Any node which has children is called internal node. So, In case of tree with more than one node, root node is also an internal node.

Now,let's solve the problem using binary tree. In case of binary tree,k =2. Suppose, binary tree has 7 internal nodes.

ROOT

/ \

N N

/ \ / \

N N N N

/ \ / \ / \ / \

L L L L L L L L

N=Internal Node L=Leaf

So, n = 7 and L=8

(I) nk = 7*2 = 14 wrong

(II) (n-1)k+1 = (7-1)*2+1 = 13 wrong

(III) n(k-1)+1 = 7 (2-1)+1 = 8 right*

(IV) n(k-1) = 7*(2-1) = 7 wrong

Cheers!!

Like Satyabrata I 'solved' the problem by checking a binary tree and ticking the formula which worked. Now that we know this formula works for (at least two!) binary trees it would be nice to prove it for $all$ $k$ _ary trees! I found a simple proof by induction -

Let $L(n)$ be the number of leaves on a complete $k$ _ary tree with $n$ internal nodes. Assume as our hypothesis that, for some number of internal nodes, $r$

$L(r)=r(k-1)+1$

Now choose any leaf, convert it to an internal node and draw from it $k$ branches. This creates one more internal node, destroys one leaf and creates $k$ new leaves. So

$L(r+1)=L(r)+k-1=r(k-1)+1+(k-1)=(r+1)(k-1)+1$

This has the same form as the induction hypothesis with $r$ replaced by $r+1$ .
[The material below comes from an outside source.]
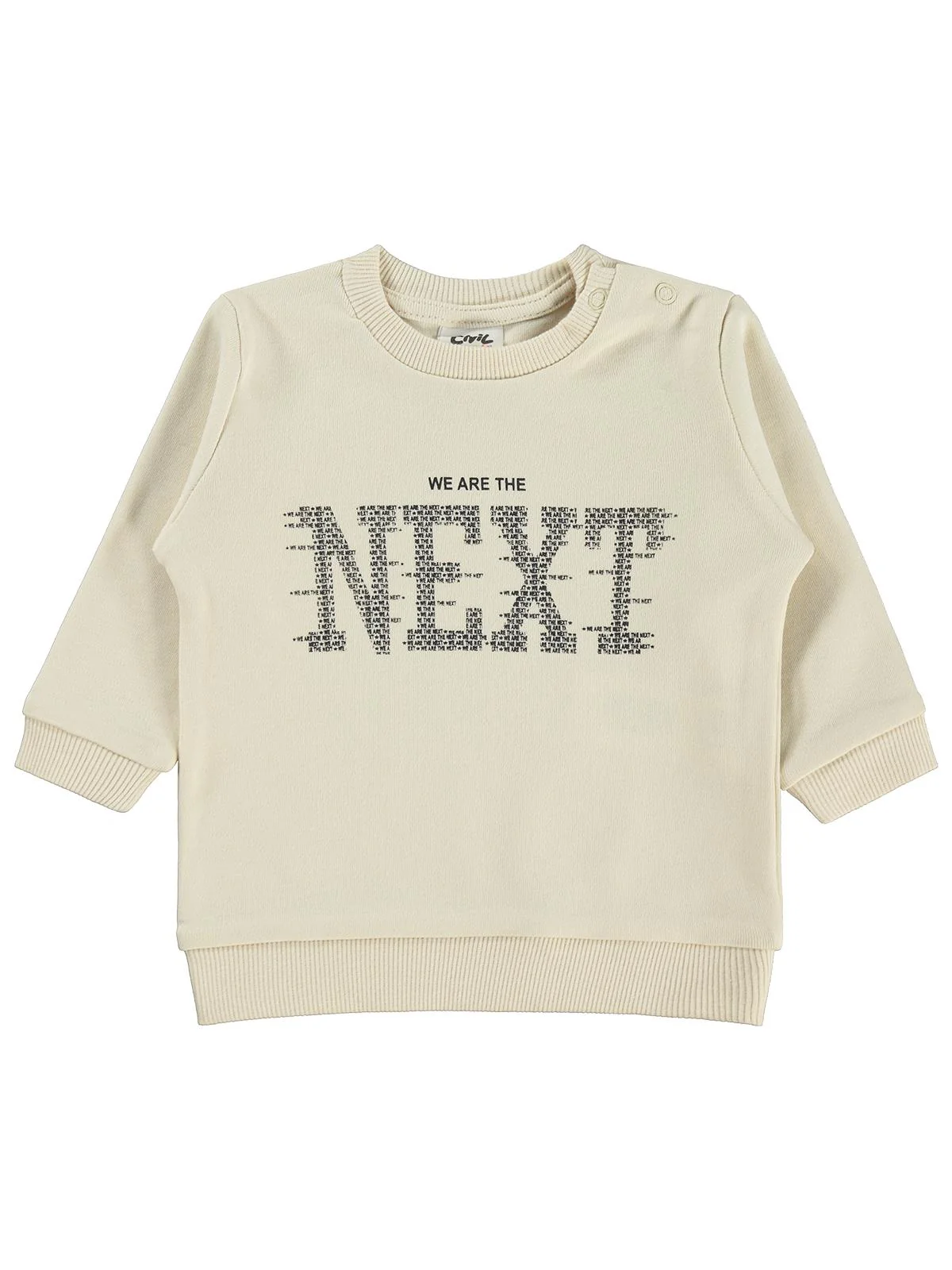 Civil Baby Next Baskılı 6-18 Ay Sweatshirt - Fil Dişi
Note also that the hypothesis holds when $r=1$ because a tree with one internal node (the root) has $k$ branches and $k$ leaves. And indeed our formula gives

$L(1)=1(k-1)+1=k$

Everything is now set up to complete the proof by invoking the principle of mathematical induction to get

$\boxed{L(n)=n(k-1)+1}$

as required.